A condominium is an apartment where owners own their space as real estate, as opposed to owning shares in a co-op building. Condominium owners have a deed and own whatever is inside the walls/unit as well as a proportionate share of the common elements of the building. For example, if there are 4 apartments in the building, the owner would have a deed for their apartment and a 25% interest in the common elements in the building as well. When purchasing or selling a condominium, individuals and families need to additionally consider the building’s offering plan, budget, a management company, common charges, and other expenses. The Law Firm and Mediation Practice of Alla Roytberg, P.C. can help you navigate these various considerations.
Our Real Estate Practice
- Building and negotiation of Contract terms
- Review of building’s offering plan
- Review of bank commitments
- Preparation of closing documents
- Representation at closings
Ownership of Condominiums
Because a person owns a condominium apartment outright and has a deed, condominiums are considered “real property” in the same way that houses are considered real property. The owner of a condominium apartment is responsible for paying real estate taxes, whereas in a cooperative unit, a unit owner is a shareholder in the corporation, so a portion of the real estate taxes of the building is incorporated into that unit owner’s monthly maintenance payment. In a condominium, the same way as with a house, owners pay the real estate taxes that are allocated to the property owned.

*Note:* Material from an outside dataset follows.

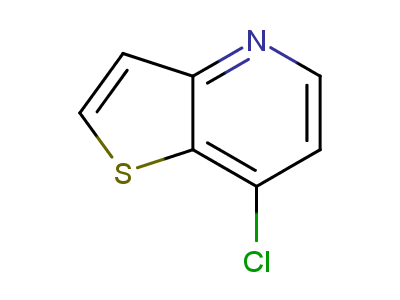 7-chlorothieno[3,2-b]pyridine-97%,CAS NUMBER-69627-03-8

Many condominium boards still maintain a Board application process for purchasers, however the only way a Condominium Board can reject the transaction, is by opting to purchase the apartment themselves. This is called, “the right of first refusal” and Condominium Boards usually simply issue a piece of paper, called “Waiver of the Right of First Refusal” to the parties, prior to the closing of a sale of one of their units.
Condominium Issues for Divorcing Couples
In a divorce situation, where a party or the parties decide that ownership may need to be transferred, it is much simpler to transfer ownership of a condominium than that of a co-op. Usually, the Condo Board does not have to be involved. It merely receives notice that the condominium ownership has changed.
Whether parties decide to sell or buy a Condominium in their normal daily life or transfer ownership during a change in a family structure, such as a divorce, death, estate planning, etc. it is critical to understand how condominium ownership works and to insert clear and effective language in the agreements that would govern the process.